Acquisitions are funded using a variety of financing techniques, including federal grants with
matching airport funds, passenger facility charges, debt issuance, and airport revenues.
LONG-TERM DEBT OUTSTANDING
In 2003, the Authority issued $20,820,000 of Series 2003-A Airport Revenue Refunding Bonds
dated October 22, 2003, maturing annually from 2014 through 2023, with interest on a variable
rate determined weekly. On December 1, 2009, the Authority reoffered the bonds with fixed
interest rates ranging from 3.25 percent to 4.5 percent, with a net interest cost of 3.99 percent.
Balance outstanding June 30, 2017 - $15,105,000; June 30, 2016 - $17,440,000; June 30, 2015
- $19,665,000
In 2007, the Authority issued $44,635,000 of Series 2007 Airport Revenue Refunding Bonds dated
July 11, 2007, maturing annually from 2008 through 2026, with interest coupons ranging from
5.00 percent to 5.25 percent, with a net interest cost of 4.82 percent.

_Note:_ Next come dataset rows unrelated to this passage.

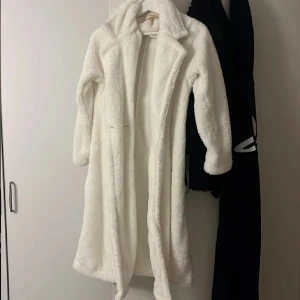 Vit teddyjacka - Säljer en supermysig vit teddyjacka som är perfekt för kyliga dagar. Jackan har en lång och fluffig design med långa ärmar och en klassisk krage. Den är både stilren och bekväm, vilket gör den till ett måste i garderoben. Perfekt för att hålla sig varm och snygg under vintern.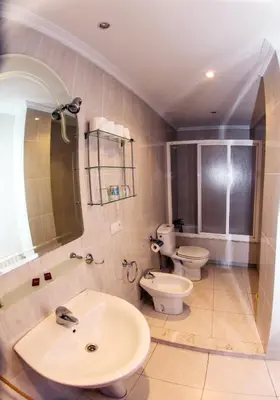 a bathroom with two toilets and a sink at El Molino in Melide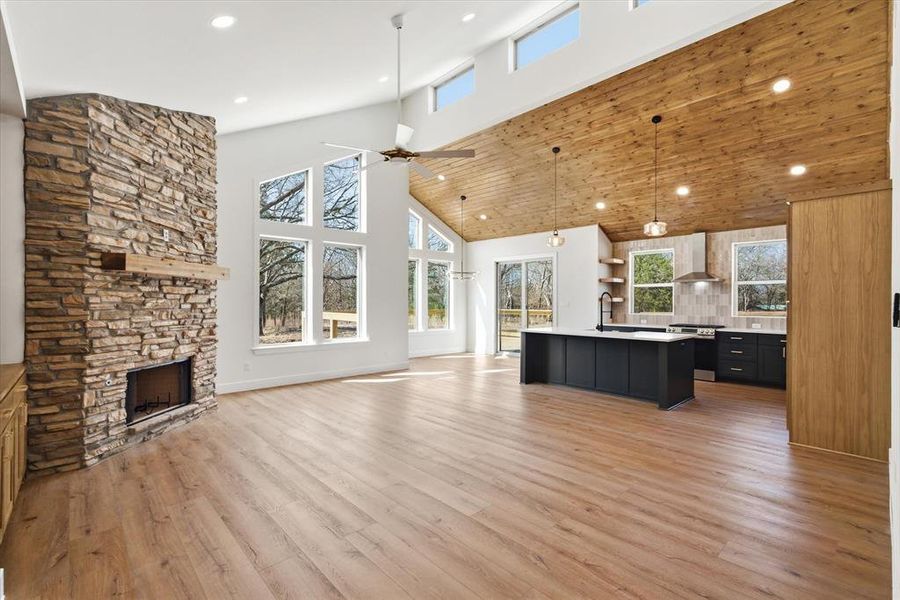 Stone fireplace, vaulted stained ceilings, and so much more!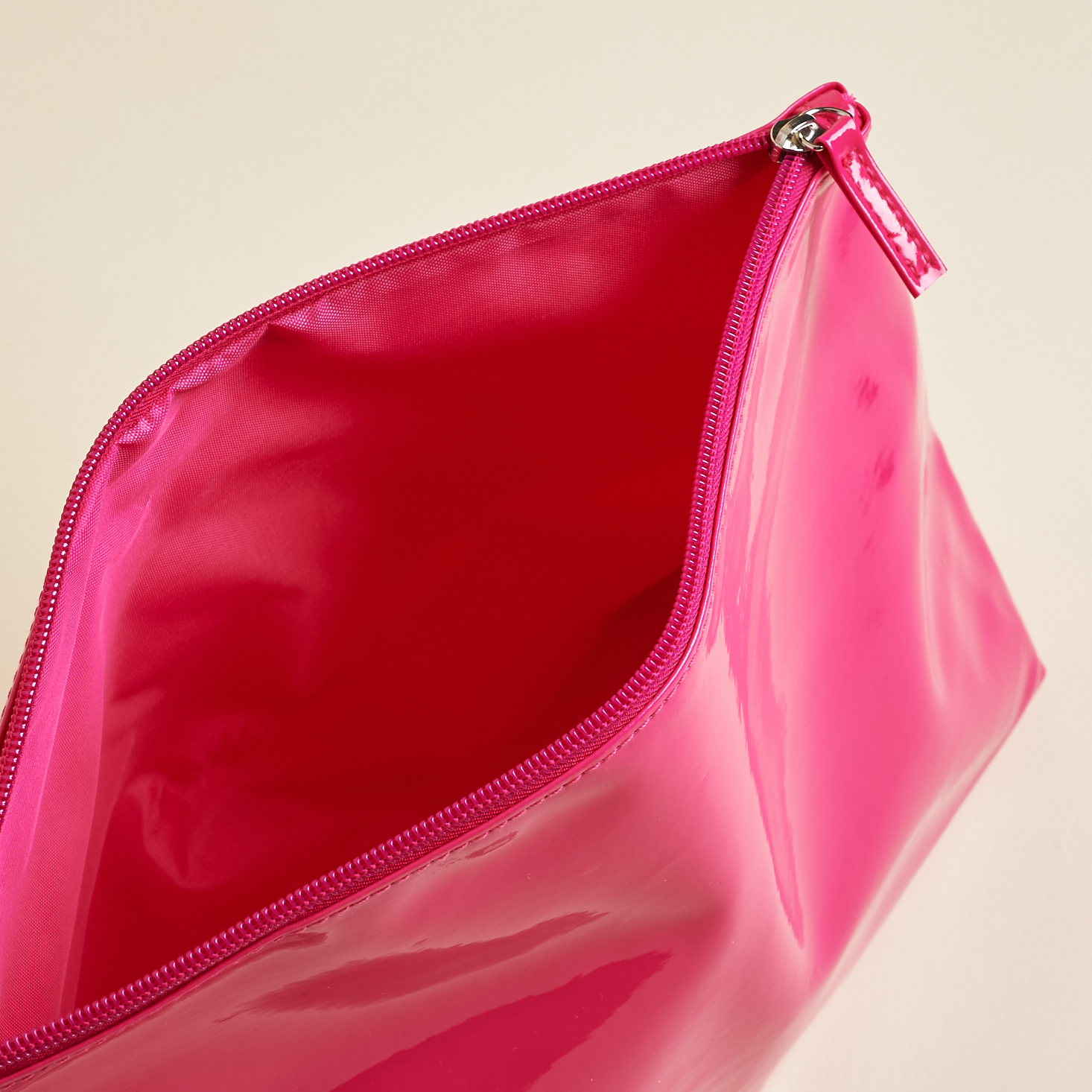 Pink makeup bag unzipped to show inside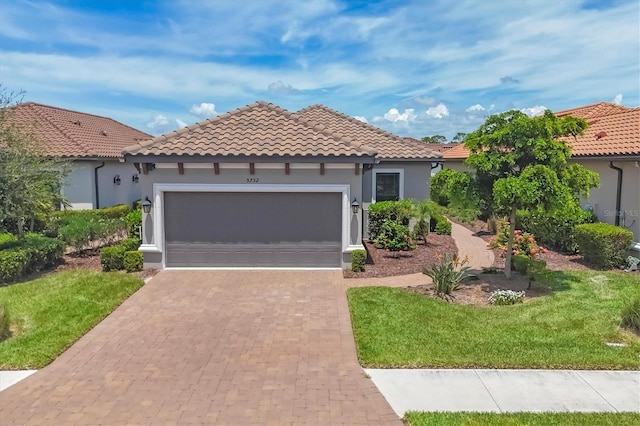5732 Puccini St, Nokomis, FL 34275 - mediterranean / spanish-style house featuring a garage, decorative driveway, a tile roof, and a front yard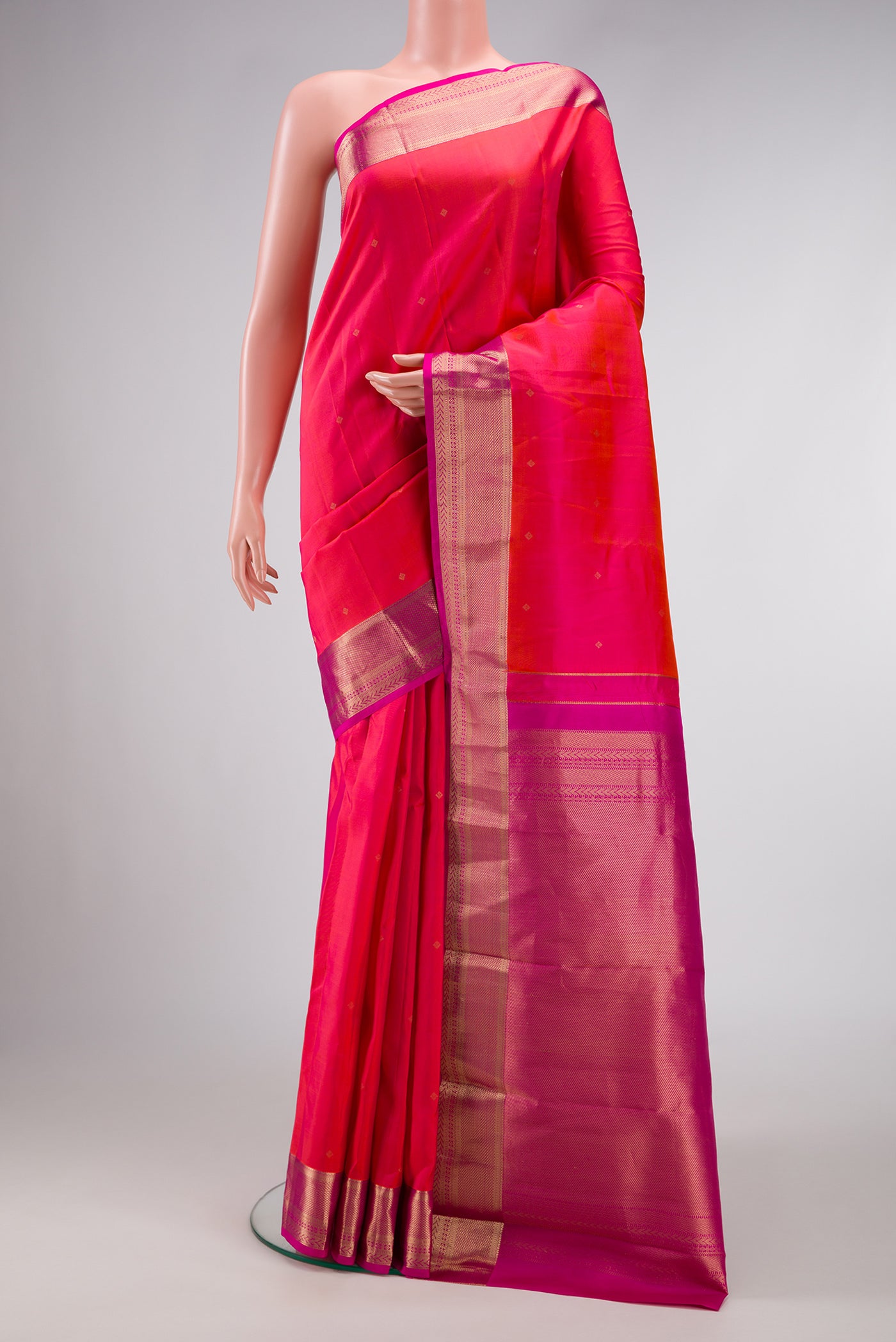 Coral Dual Tone Kanchipuram Silk Saree with Zari Butta on the body and Zari Border.  displayed on a mannequin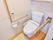 カーテンで仕切られたトイレスペースは、両手に手すりが付いている。緊急用ブザーが付いている。高齢者に優しいウォシュレット。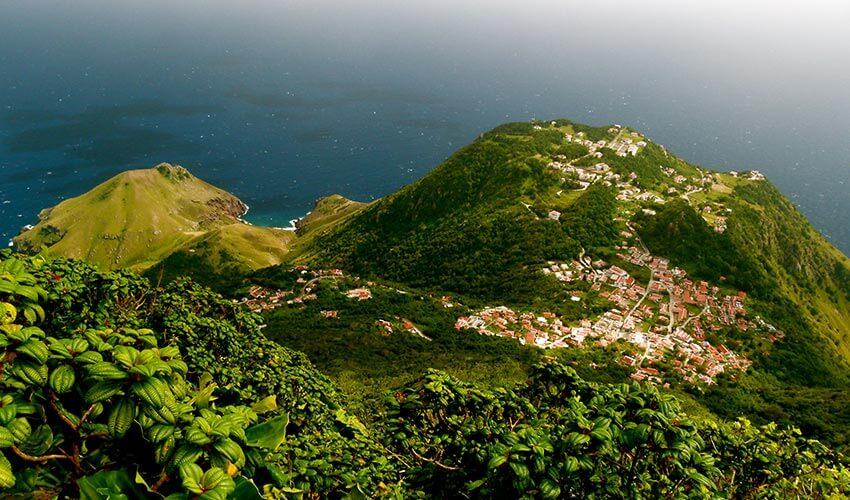 A small town on a mountain overlooking the ocean.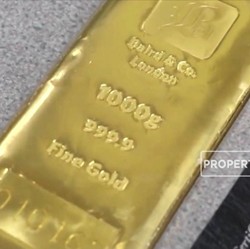 Kilau Emas Memudar Kala The Fed Gak Pede Inflasi Bisa Turun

Balance outstanding June 30, 2017 - $23,110,000; June 30, 2016 - $25,980,000; June 30, 2015
- $28,720,000
In 2010, the Authority issued $151,705,000 of Series 2010 Airport Revenue Bonds dated
December 22, 2010, maturing annually from 2011 through 2040, with interest coupons ranging
from 3.00 percent to 6.00 percent, with a net interest cost of 5.52 percent.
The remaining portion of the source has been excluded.